Slobin v. Henry Ford Health Care, 666 N.W.2d 632 (Mich. 2003) (per curiam). So
too here, as the complaint alleged that the graduates attended law school in
order to obtain full-time legal employment.
The court of appeals turned to the fraudulent
misrepresentation claim, starting with the percentage of graduates employed
statistic (76% in 2010). Plaintiffs alleged that a reasonable consumer would
interpret this as full-time, permanent JD-required or –preferred jobs. But in fact the statistics included any type
of employment, including working as a barista at Starbucks (“business”). The court of appeals agreed with the district
court that the percentage employed statistic was literally true, and that
reliance on the statistic to include only full-time, permanent legal jobs was
unreasonable. A subjective
misunderstanding of information that isn’t objectively false or misleading
doesn’t establish fraudulent misrepresentation.

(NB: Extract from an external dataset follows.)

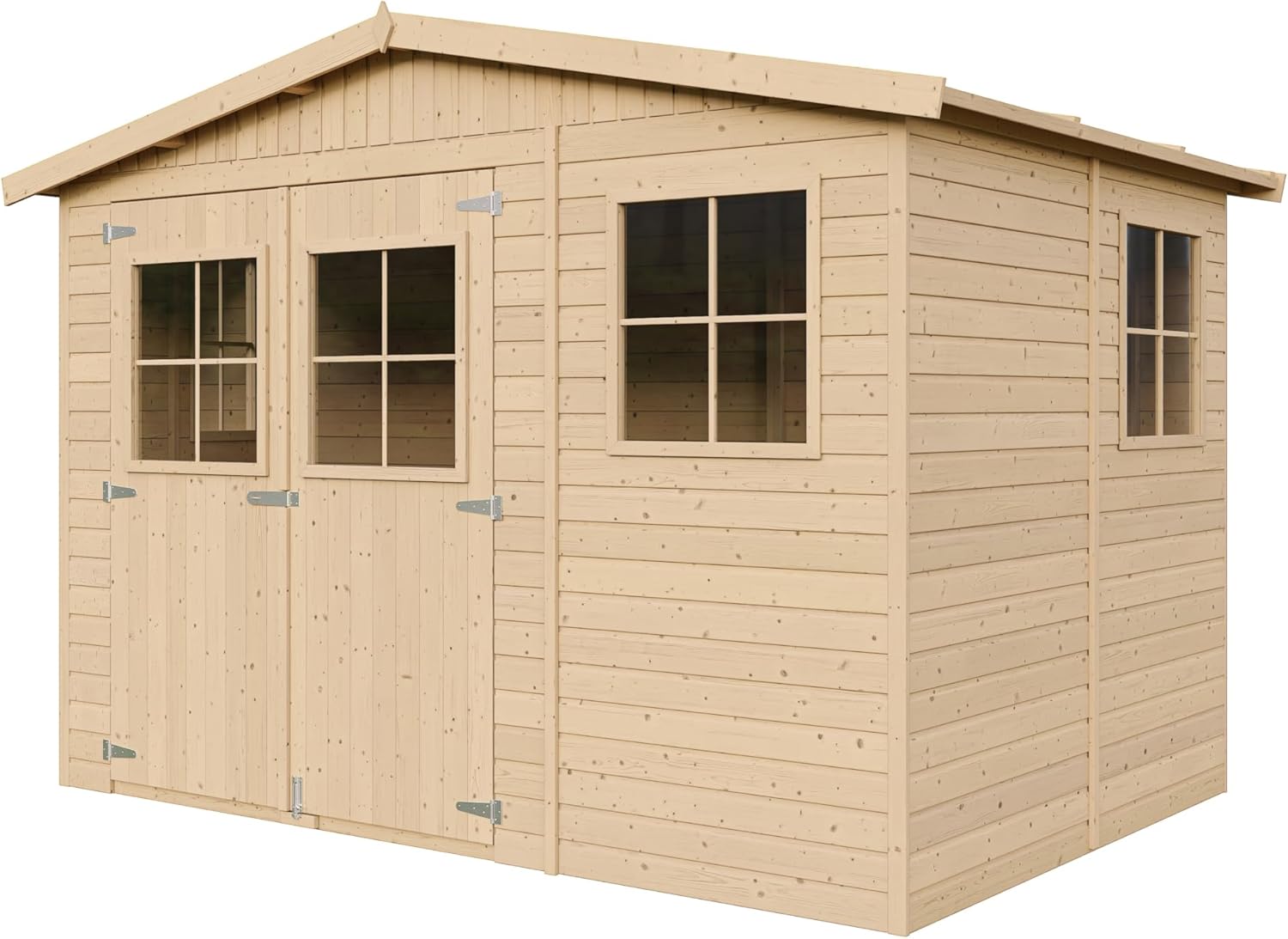 Abri de Jardin en Bois Exterieur avec Les PLANCHERS IMPRÉGNÉ- Cabane de Jardin en Pin/épicéa-H226x324x216 cm/6m2- Construction de Panneaux- Rangement pour vélos, Remise à Outils- karaca-alisveris M334+M334G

Plaintiffs argued that this was a factual issue unsuited for a motion to
dismiss, but reliance can be unreasonable as a matter of law based on a
complaint’s allegations. Here, the
reliance on the statistic to mean “employed in full-time legal positions” wasn’t
reasonable because, as the district court wrote, “basic deductive reasoning
informs a reasonable person that the employment statistic includes all employed
graduates, not just those who obtained or started full-time legal positions.”
Separately, there could be no claim based on the average
starting salary statistic because plaintiffs’ reliance on it was unreasonable. On its face, the phrase “average starting
salary for all graduates” (reported as $54,796 in 2010) means just that—all graduates,
not just those who responded to the survey.
The title of the document, “Employment Report and Salary Survey,”
though, shows that the statistic wasn’t based on the total number of graduates
but rather the graduates with known employment status who chose to include
salary information. Thus, this statement
was objectively untrue.
But reliance on it was still unreasonable because another of
Cooley’s statements directly contradicted it, just as it’s unreasonable to rely
on an oral statement contradicting a contract term when the contract has an
integration clause. (This is why
consumer protection statutes needed to change the common law in this respect:
it’s ordinary human behavior to believe the human being in front of you, telling
you to ignore what the contract says.)
Here, the “all graduates” statement was expressly contradicted by other
statements in the same report showing that it was based on data from those who
completed the surveys—“[n]umber of graduates with employment status known” was
less than the total number of graduates, and the very title of the report showed
that it was a survey.
The fraudulent concealment claim also failed. Plaintiffs alleged that Cooley failed to
disclose material facts related to its statistics: e.g., what percentage of
graduates were employed in either part-time or temporary positions, or whether
the jobs required law degrees. But fraudulent concealment requires more than
nondisclosure; it requires a legal duty to disclose. This is most common when
the plaintiff asks questions and the defendant’s responses are truthful in
themselves but incomplete and omit material information. But the plaintiffs didn’t allege that they
ever asked Cooley about these claims or requested additional information.
As for negligent misrepresentation, plaintiffs failed to
allege justifiable or reasonable reliance.
Cooley’s cross-appeal, which raised various
procedural/preemption issues, was also rejected.